Non-Stationary Delayed Bandits with Intermediate Observations
Claire Vernade - DeepMind (UK)
We consider the problem of learning with delayed bandit feedback, meaning by trial and error, in changing environments. This problem is ubiquitous in many online recommender systems that aim at showing content, which is ultimately evaluated by long-term metrics like a purchase, or a watching time. Mitigating the effects of delays in stationary environments is well-understood, but the problem becomes much more challenging when the environment changes. In fact, if the timescale of the change is comparable to the delay, it is impossible to learn about the environment, since the available observations are already obsolete. However, the arising issues can be addressed if relevant intermediate signals are available without delay, such that given those signals, the long-term behavior of the system is stationary. To model this situation, we introduce the problem of stochastic, non-stationary and delayed bandits with intermediate observations. We develop a computationally efficient algorithm based on UCRL, and prove sublinear regret guarantees for its performance.

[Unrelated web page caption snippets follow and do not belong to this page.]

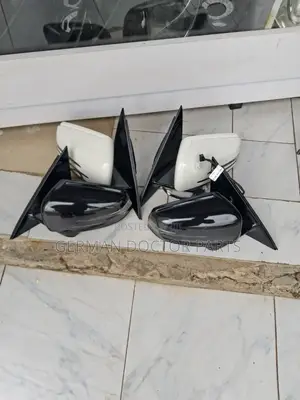 W212 Side Mirrors Without Camera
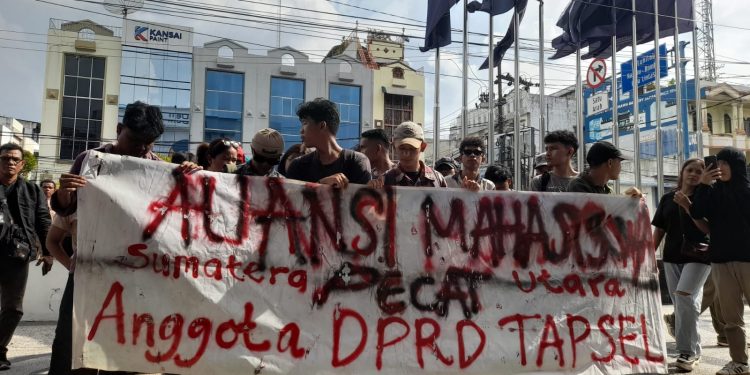 Aliansi Mahasiswa Sumut Minta Partai Nasdem Pecat ESS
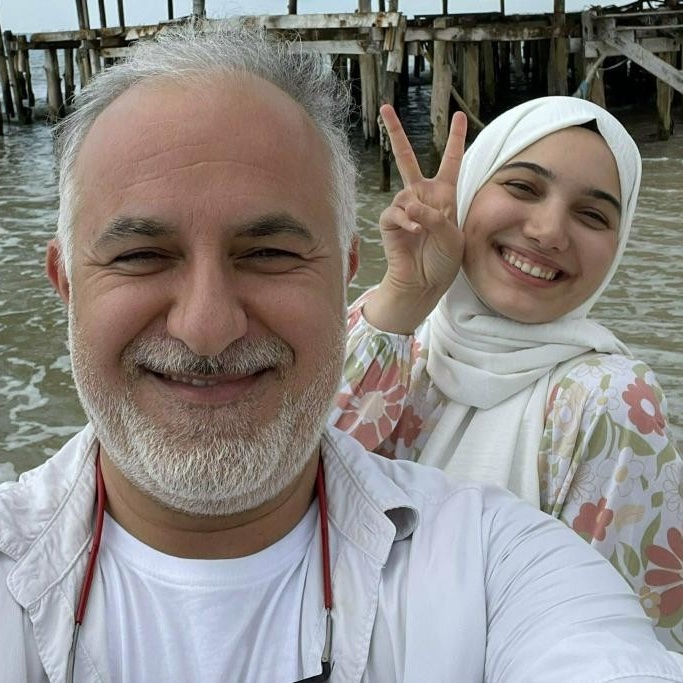 gundemio's tweet photo. Yeni Şafak yazarı Yasin Aktay:

"Eski Kızılay Başkanı Kerem Kınık ve kızına bir özür borçluyuz." https://t.co/D3oGdQ30dZ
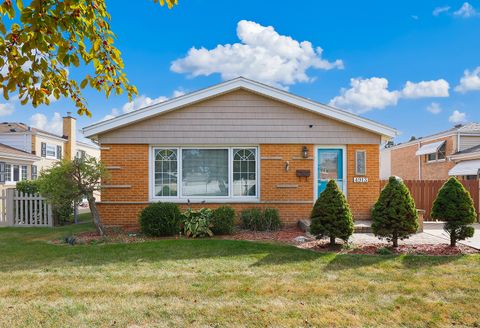 Photo of 4913 W 105th Street, Oak Lawn, IL 60453 (MLS # 12483583)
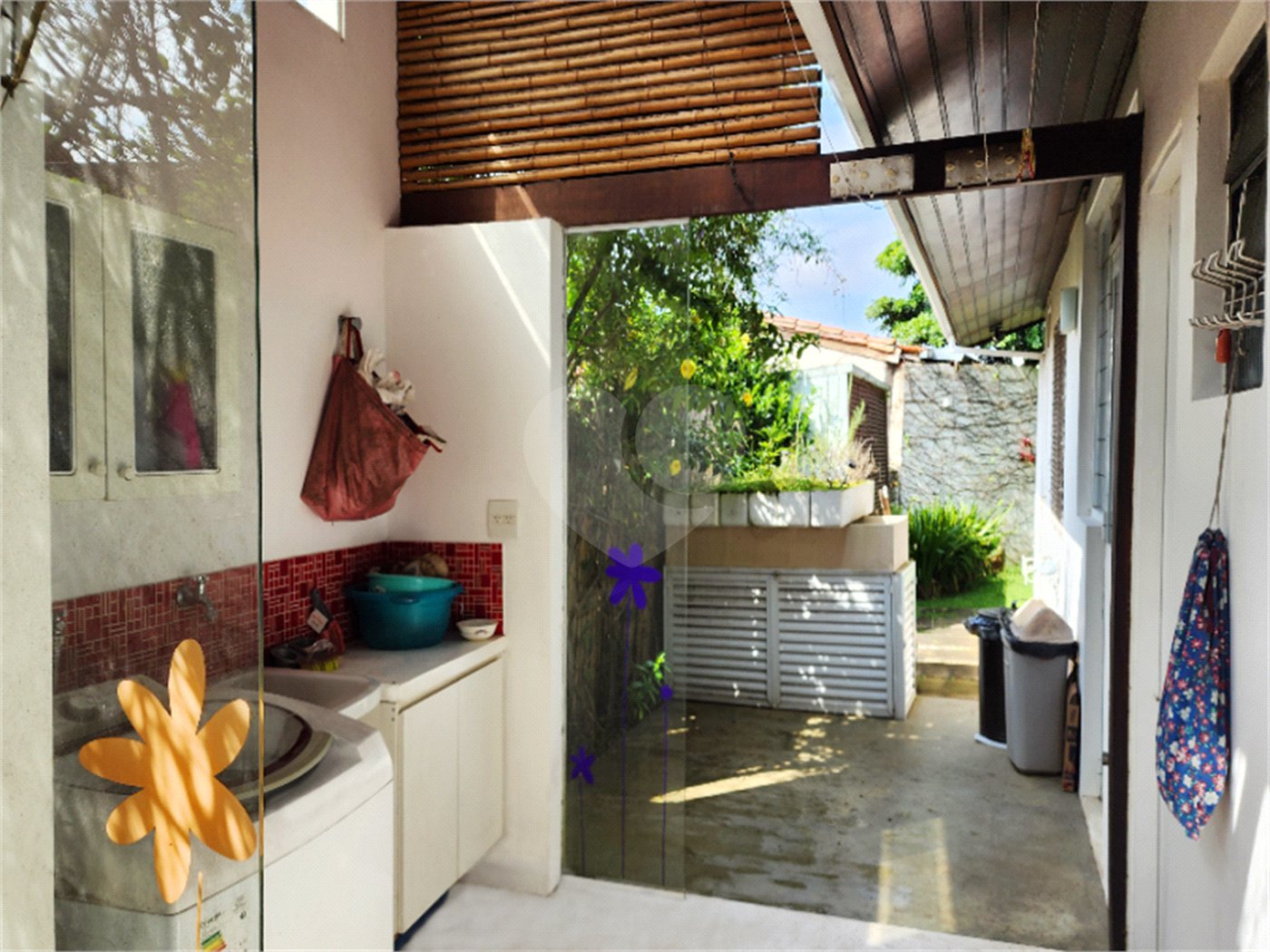Casa à venda com 4 quartos, sendo 2 suítes,  no condomínio Vila Nova de Gaia, São Paulo - SP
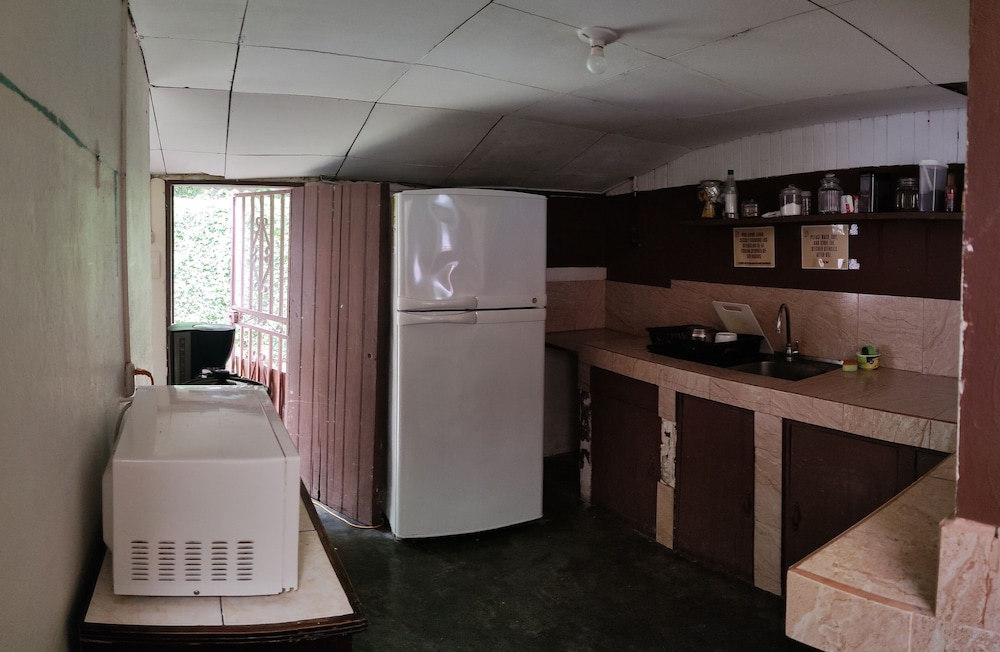 Basic Triple Room, Patio photo 1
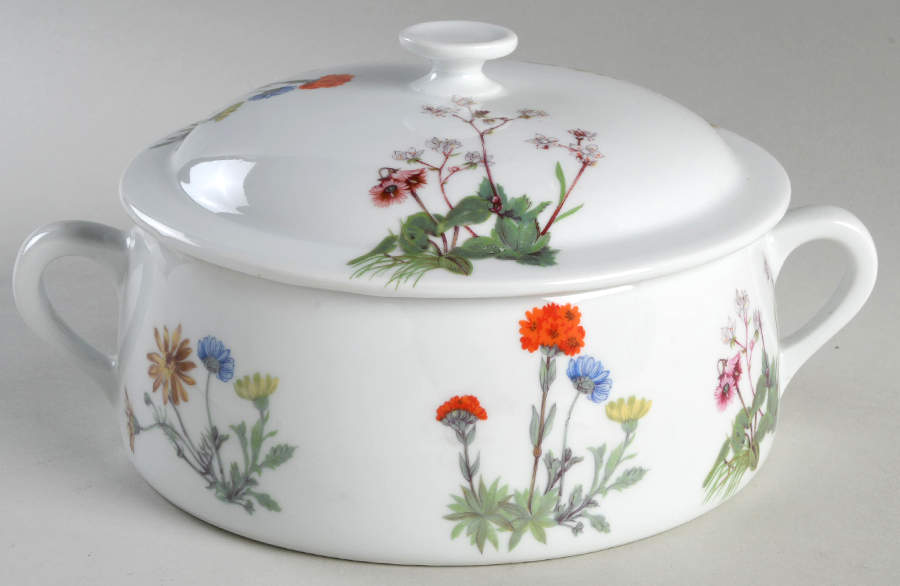 Wild Flower 1.25 Qt Round Covered Casserole by Louis Lourioux-1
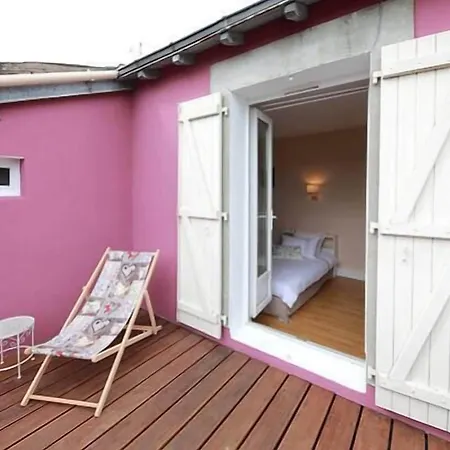 La Loge Des Fees Bed & Breakfast Latillé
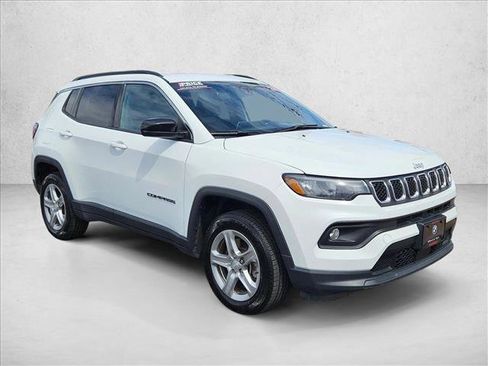 Used 2024 Jeep Compass Latitude image 3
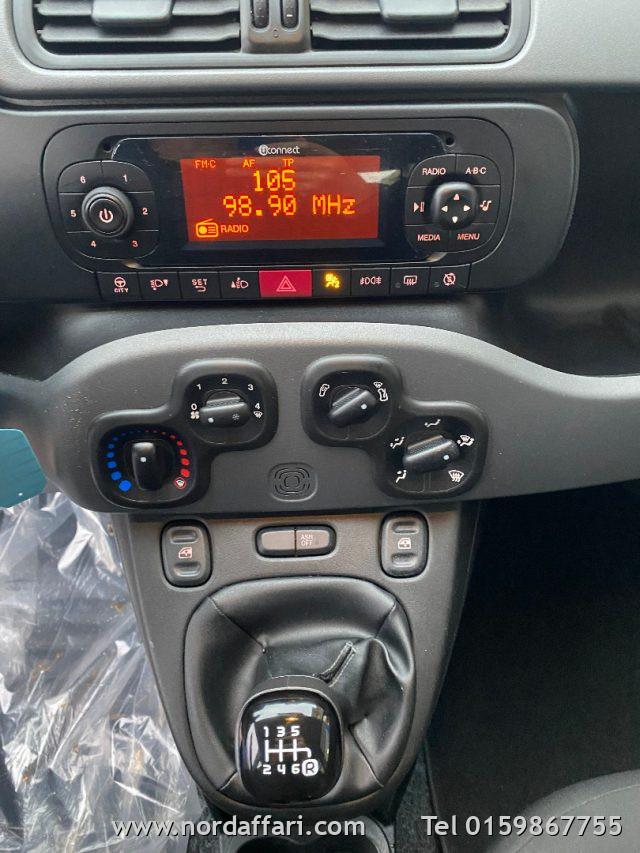 FIAT Panda 1.0 FireFly S&S Hybrid City Cross NEOPATENTATO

Claire is a Research Scientist at DeepMind in London UK. She received her PhD from Telecom ParisTech in October 2017, under the guidance of Prof. Olivier Cappé. From January 2018-October 2018, she worked part-time as an Applied Scientist at Amazon in Berlin, while doing a post-doc with Alexandra Carpentier at the University of Magdeburg in Germany. Her research is on sequential decision making. It mostly spans bandit problems, but Claire's interest also extends to Reinforcement Learning and Learning Theory. While keeping in mind concrete problems -- often inspired by interactions with product teams -- she focuses on theoretical approaches, aiming for provably optimal algorithms. She recently received an Outstanding Paper Award at ICLR for a joint work on a game-theoretic approach to PCA.
2021-10-18 at 3:00 pm